Since then things have changed.
At a community meeting May 29, residents told police and city officials that they were under siege, and the city responded.
What neighbor Barbara Gregory called “a nightmare living there” started to end the very next day.
On May 30, the Berkeley Police Department started a drug crackdown, arresting 20 people for narcotic sales, several of whom had sold at 10th and Allston.
Following the sting, residents didn’t expect significant changes. But since the May 30 arrests, 20 more people have been arrested for narcotic sales, police said.
Neighbors have noticed a difference.
“It’s been so much better,” said Falzone, who said some drug dealing persists but that the neighborhood “might be the quietest it has ever been.”
Falzone and her neighbors attribute their relatively tranquil streets to a citywide strategy in which the police department and the city manager’s office work with neighbors to solve problems.
In March, west Berkeley neighbors reported the drug activity to Sgt. Erik Upson, a community services officer. Upson sent beat officers and the police’s Special Enforcement Unit (SEU), an elite undercover team, to hit the streets.

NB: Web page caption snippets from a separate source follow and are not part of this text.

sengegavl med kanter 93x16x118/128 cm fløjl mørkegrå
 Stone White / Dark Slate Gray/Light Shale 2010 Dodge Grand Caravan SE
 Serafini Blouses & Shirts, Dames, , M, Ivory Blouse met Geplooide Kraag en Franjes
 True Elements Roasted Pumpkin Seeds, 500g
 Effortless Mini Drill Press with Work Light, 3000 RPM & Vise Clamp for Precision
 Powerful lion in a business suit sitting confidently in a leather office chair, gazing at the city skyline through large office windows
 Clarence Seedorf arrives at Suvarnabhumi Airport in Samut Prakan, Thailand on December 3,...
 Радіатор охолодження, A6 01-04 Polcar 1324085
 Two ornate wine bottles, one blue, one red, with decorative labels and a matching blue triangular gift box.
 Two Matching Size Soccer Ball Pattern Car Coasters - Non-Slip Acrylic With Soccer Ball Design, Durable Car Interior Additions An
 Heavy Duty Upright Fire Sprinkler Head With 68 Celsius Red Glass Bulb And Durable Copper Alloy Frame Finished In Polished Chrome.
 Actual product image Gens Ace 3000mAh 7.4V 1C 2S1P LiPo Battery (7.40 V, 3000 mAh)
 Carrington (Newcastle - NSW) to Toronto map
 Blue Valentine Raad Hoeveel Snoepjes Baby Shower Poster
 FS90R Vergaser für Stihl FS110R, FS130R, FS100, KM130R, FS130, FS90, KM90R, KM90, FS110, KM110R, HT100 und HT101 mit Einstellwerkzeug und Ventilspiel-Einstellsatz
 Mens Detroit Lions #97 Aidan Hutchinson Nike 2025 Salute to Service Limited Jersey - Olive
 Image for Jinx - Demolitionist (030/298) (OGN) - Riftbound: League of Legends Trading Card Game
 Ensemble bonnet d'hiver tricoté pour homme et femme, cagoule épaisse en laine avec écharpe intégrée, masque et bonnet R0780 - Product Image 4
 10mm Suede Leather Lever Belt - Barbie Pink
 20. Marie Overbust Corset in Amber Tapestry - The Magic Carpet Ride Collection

The SEU began a sting operation to arrest not only street level dealers but their suppliers.
Rachel Crossman, a 15-year resident, pulled together neighborhood watch groups to help police investigators close in on their targets.
“The neighborhood watch provides immeasurable help,” Upson said. “They see things 24/7 so they can tell us which house is a problem at which time of the day.”
Although many neighbors were hoping that police would immediately arrest the drug dealers, Upson said that quick arrests would have been a temporary fix. “When we target for the long term, we get good cases on people so they don’t move down to other neighborhoods,” he said.
Still, Upson acknowledged that the reduction of drug activity at 10th and Allston has been accompanied by increased activity elsewhere. But city officials are using their strategy in other blighted areas. Upson said that as the program matures results will come more quickly.
Meanwhile, west Berkeley neighbors are pleased with the results. “The police were right on it,” said Rob Crossman. “It’s nice to see the city and the community work together.”